**Instructions to follow**
Everything from the line holding "Electric Hair Curler" through the end of the records should be printed exactly, apart from the pictures.

**Supplied records**
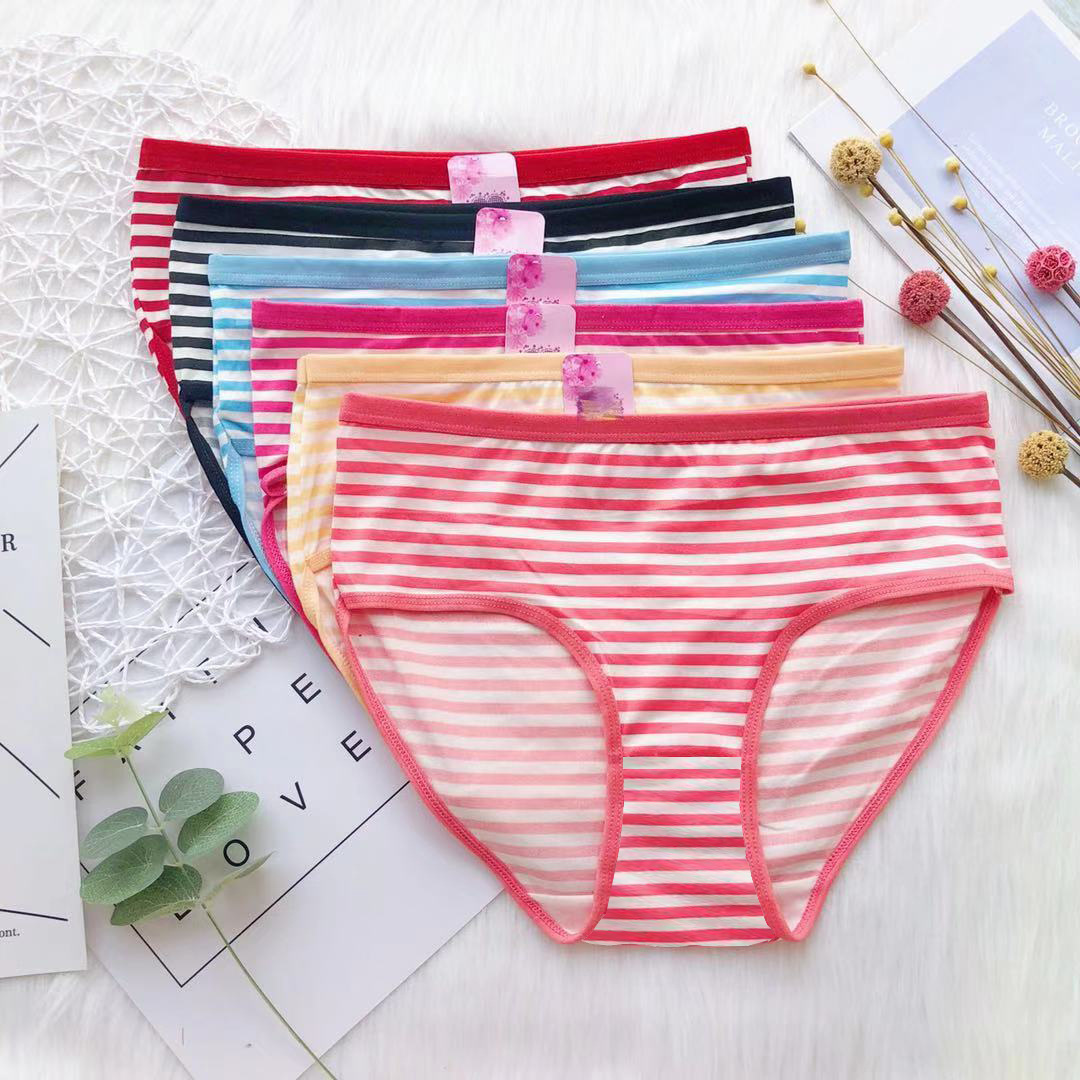 【跑量款】女士条纹内裤 少女牛奶丝三角印花短裤头批发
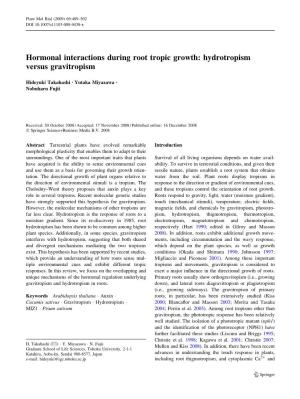 Hormonal Interactions During Root Tropic Growth: Hydrotropism Versus Gravitropism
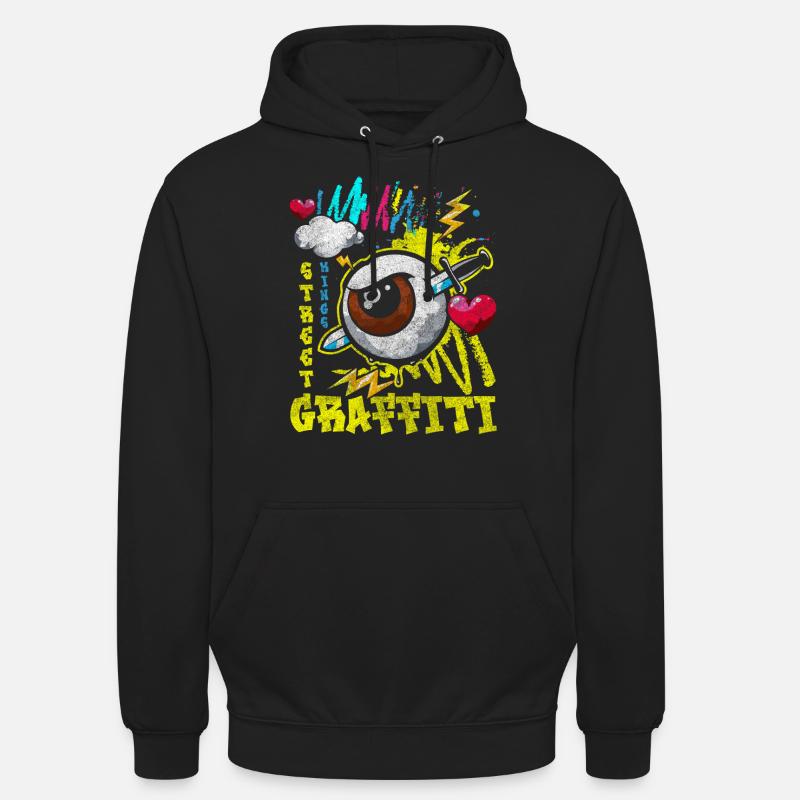 Graffiti Malerei Mode Einzigartig - Unisex Hoodie - Schwarz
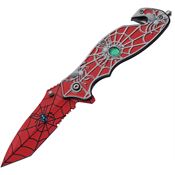 China Made 300568RD Spider Web Assist Open Linerlock Knife Red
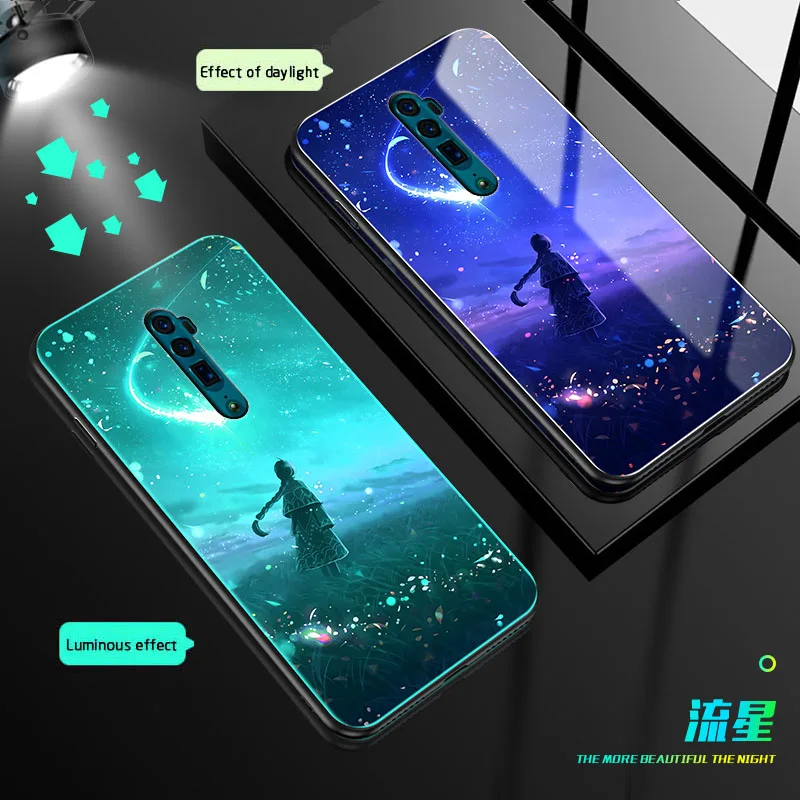5 Чехол в виде светящегося стекла для OPPO Reno 10x Zoom Reno Z закаленное стекло задняя крышка для OPPO A9 A9X F11 R19 ночной блеск чехол для телефона Coque - Цвет: 5
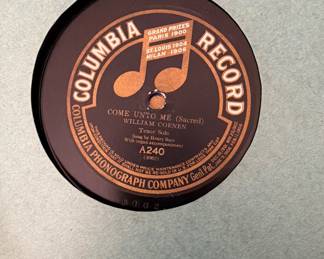 Columbia 78 Record Come unto me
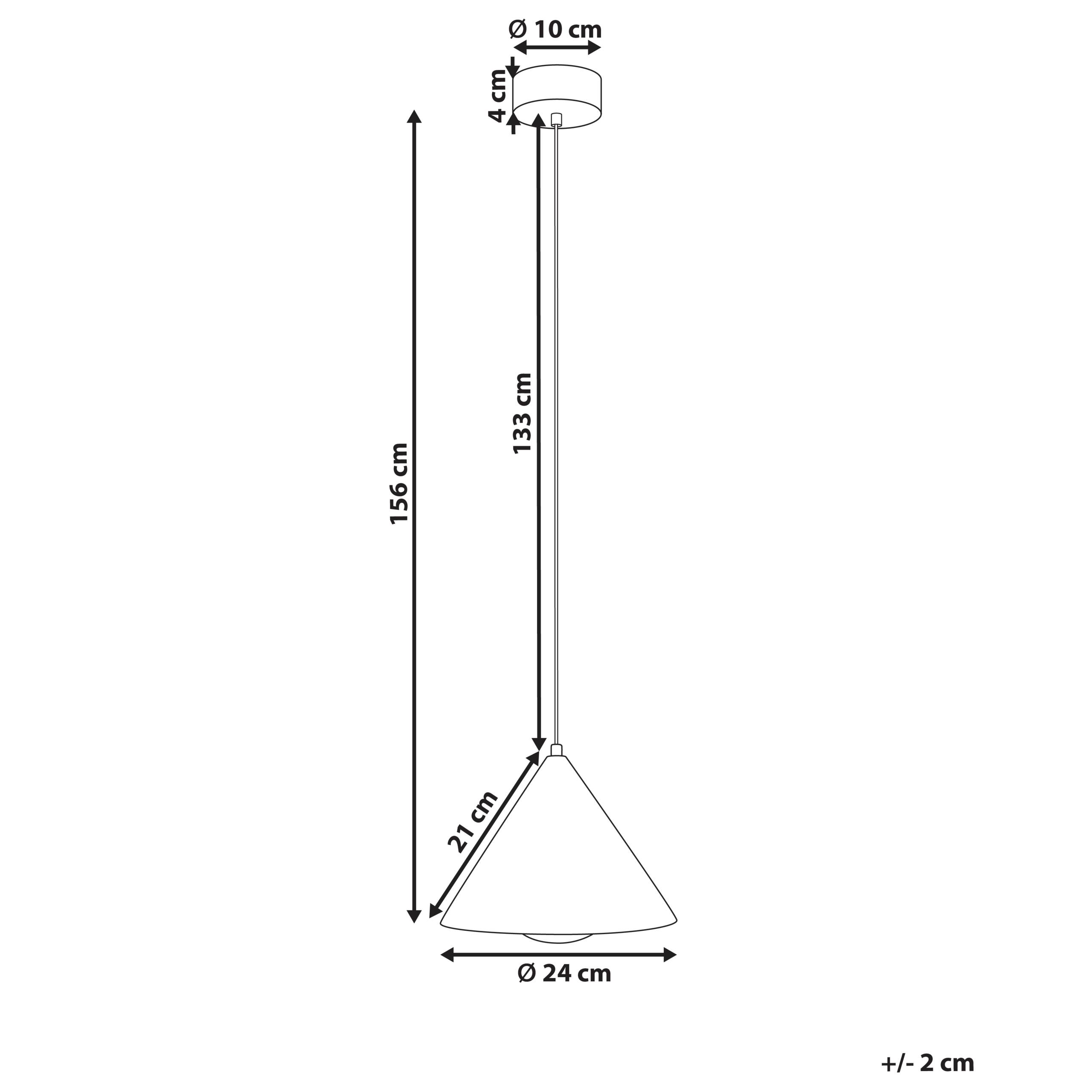 Beliani - Lampe suspension Métal Noir LEYRE - 24x24x156- Beliani - Image 3
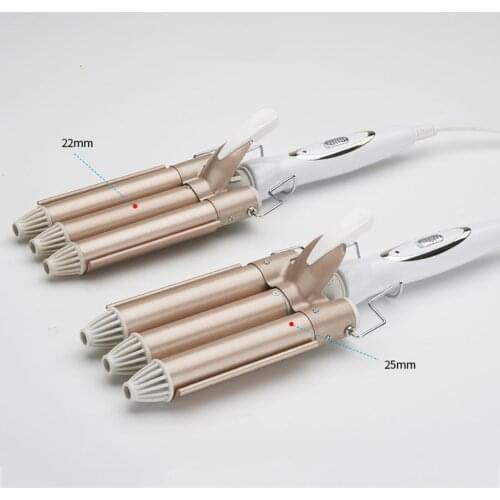 Electric Hair Curler 3 Barrel 2 Speed Temperature Control Hair Curling Wand for Beachy Frizz Free Waves Curly Hair 110V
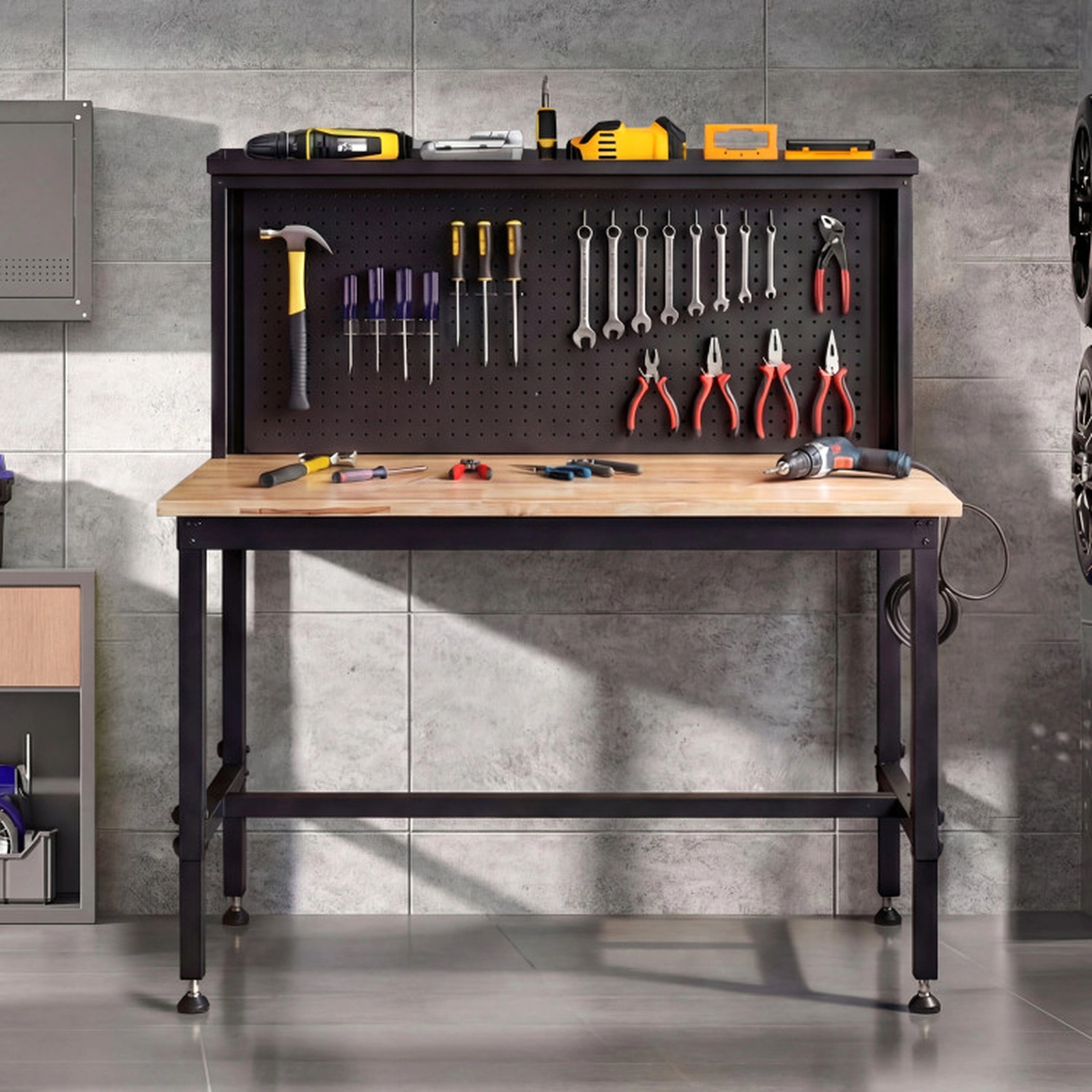 SUGIFT 48-in 2000-lb Capacity Rubber Wood Workbench with 4 AC Outlets 2 USB Ports and Pegboards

**Result of the task**
 Electric Hair Curler 3 Barrel 2 Speed Temperature Control Hair Curling Wand for Beachy Frizz Free Waves Curly Hair 110V
 SUGIFT 48-in 2000-lb Capacity Rubber Wood Workbench with 4 AC Outlets 2 USB Ports and Pegboards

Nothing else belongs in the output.